Monday, December 22, 2014

Best of 2014: Kara Walker at the Domino Sugar Factory

Kara Walker's A Subtlety at the Domino Sugar Refining Plant


When I called Ai Weiwei's show at the Brooklyn Museum the most impressive exhibition of the year, I may have misspoken. That title might more rightly be given to Kara Walker's incredible installation this spring and summer at the former Domino Sugar factory in Williamsburg. For two months, at no charge (other than the price of standing in a reliably blocks-long line), the public could visit "A Subtlety, or the Marvelous Sugar Baby, an Homage to the upaid and overworked Artisans who have refined our Sweet tastes from the cane fields to the Kitchens of the New World on the Occasion of the demolition of the Domino Sugar Refining Plant."
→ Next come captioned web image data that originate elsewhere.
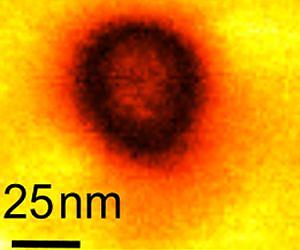 ORNL experiments prove nanoscale metallic conductivity in ferroelectrics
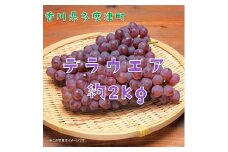 多度津町白方特産　デラウェアぶどう 約２kg【令和7年7月上旬より発送！予約受付中】【B-20】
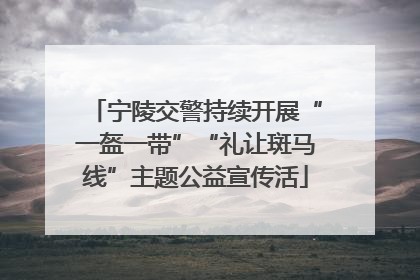 宁陵交警持续开展“一盔一带”“礼让斑马线”主题公益宣传活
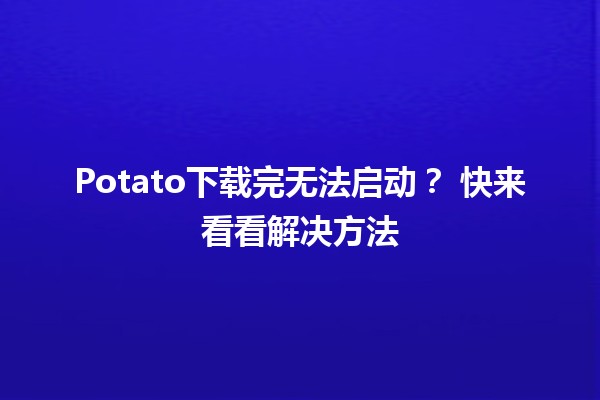 Potato下载完无法启动？💻🛠️ 快来看看解决方法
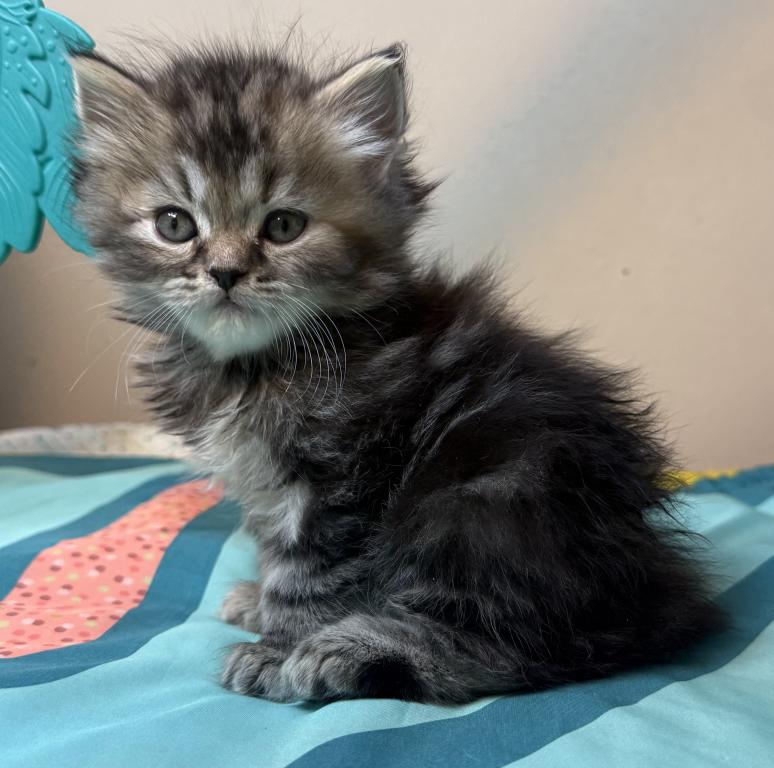 Doll Face Persian Kittens photo 15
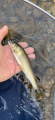 thumb_20190510-230633-80435000-a02cd23de193d84ca73af5bbfaf7904b.png (42x90)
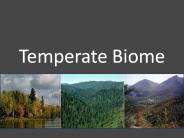 Temperate Biome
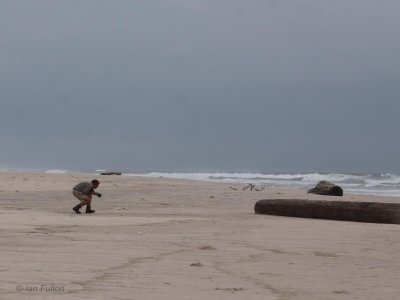 Christian stalking some Damara Terns, St Catherines Beach, Loango NP, Gabon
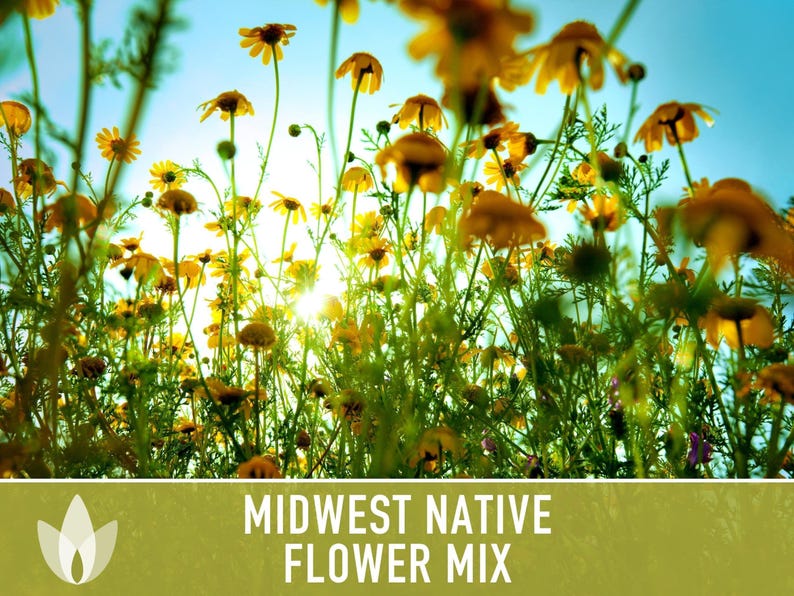 Midwest Native Wildflower Seeds, Heirloom Mix image 6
Entrance to Walker's installation at the Domino Sugar storage shed



Using the soon-to-be-demolished sugar storage shed as an integral actor, Ms. Walker's immense exhibition drew on centuries of the sugar trade's ugly history to explore themes of oppression, exploitation, stereotypes and the objectification of African-American bodies. Dark walls caked with decades of molasses residue, resembling stalactites, imbued the cavernous space with an overpowering scent of sweetness. Light streamed in from clerestories high overhead to illuminate Walker's focal point, a 75-foot-long by 35-foot-high sphinx fashioned from polystyrene coated in bleached sugar. Lording over the warehouse, the head of the sphinx took cues from imagery of the Mamie stereotype of America's not-so-distant past. Her body represented an exaggeration of the overtly sexualized objectification of black women, a depressingly familiar presence in contemporary popular culture, but just the latest strand in a thread that can be traced back hundreds of years. After a month and a half of existence, the sphinx showed signs of discoloration due to sun, leaks in the roof and exposure to hundreds of visitors per day.



Scattered throughout the warehouse and around the base of the sphinx, were molasses statues of children carrying baskets of raw sugar. By the time of our visit, near the end of the show's two-month run, the sculptures were found in various states of decay. Sticky puddles of melted molasses had formed around the children--on the floor, on walls; in low light, one could be forgiven for mistaking the result for pools of blood. The head of one figure had separated from its body, left to melt on the ground.






The show's ephemeral and evolutionary nature gave it a powerful sense of vitality and urgency. Its transience also instilled the feeling that the characters that composed its whole were decaying, and along with the institution that birthed and contained them, would soon be lost to history. But the remarkable impression left by Walker's show will not soon be forgotten.